### SUPPLIED DATA:
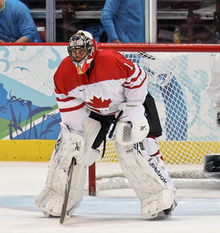 Photographie de Luongo avec le Canada en 2010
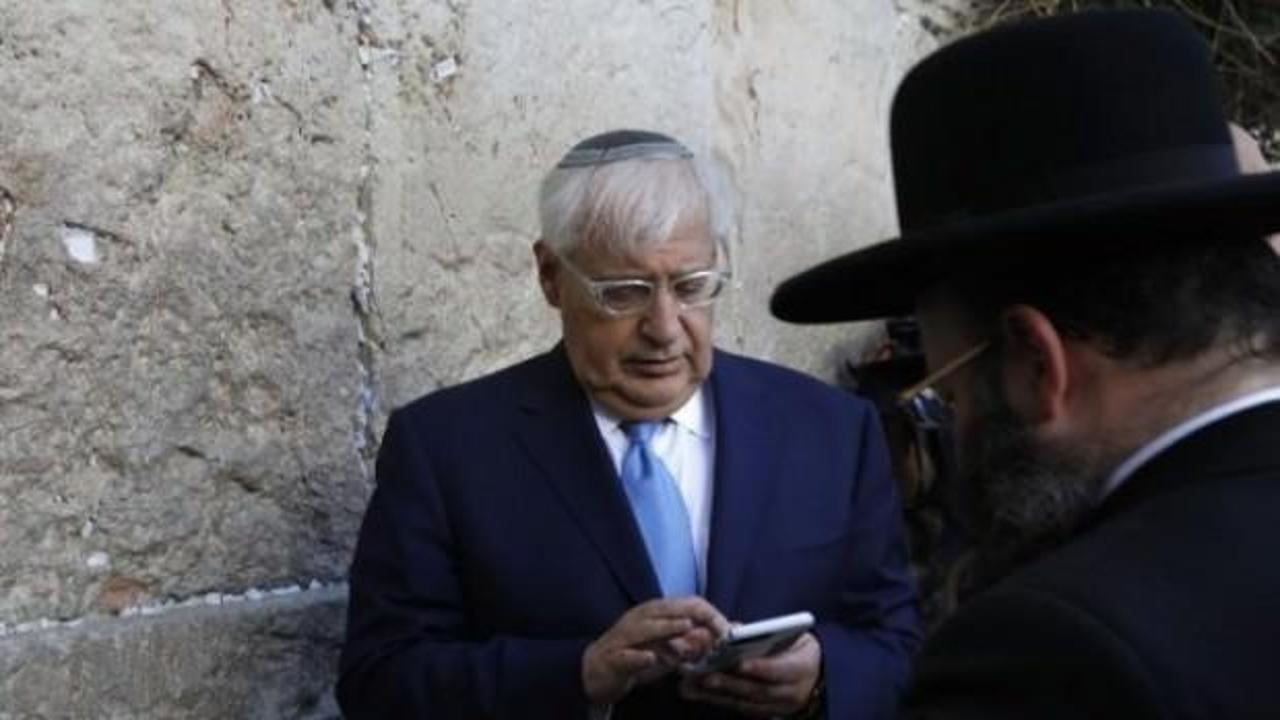Kudüs Büyükelçisi Burak Duvarı'nda ayin yaptı
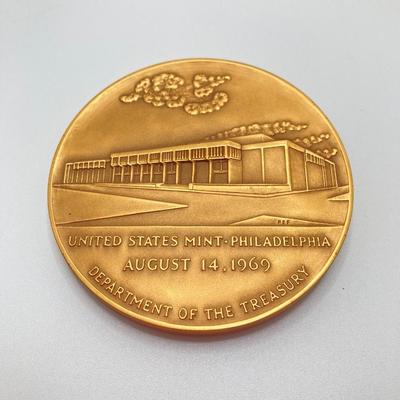 LOT 116: Five Bronze Metals / Tokens - Jackie Robinson, Lyman J. Cage, Diamond Jubilee and More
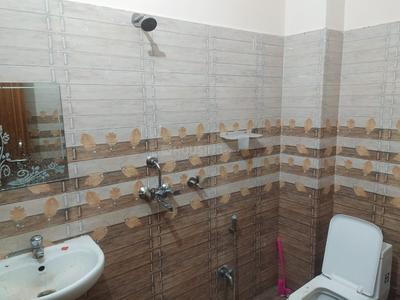 Bathroom Image of 800 Sq.ft 1 BHK Builder Floor for rent in Karaundi Varanasi for Rs. 6000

### EXERCISE:
Reproduce, word for word, every line from the one that contains "Kudüs Büyükelçisi Burak Duvarı'nda ayin yaptı" to the end of the data, including both ends; omit all pictures.

### TASK RESULT:
Kudüs Büyükelçisi Burak Duvarı'nda ayin yaptı
 LOT 116: Five Bronze Metals / Tokens - Jackie Robinson, Lyman J. Cage, Diamond Jubilee and More
 Bathroom Image of 800 Sq.ft 1 BHK Builder Floor for rent in Karaundi Varanasi for Rs. 6000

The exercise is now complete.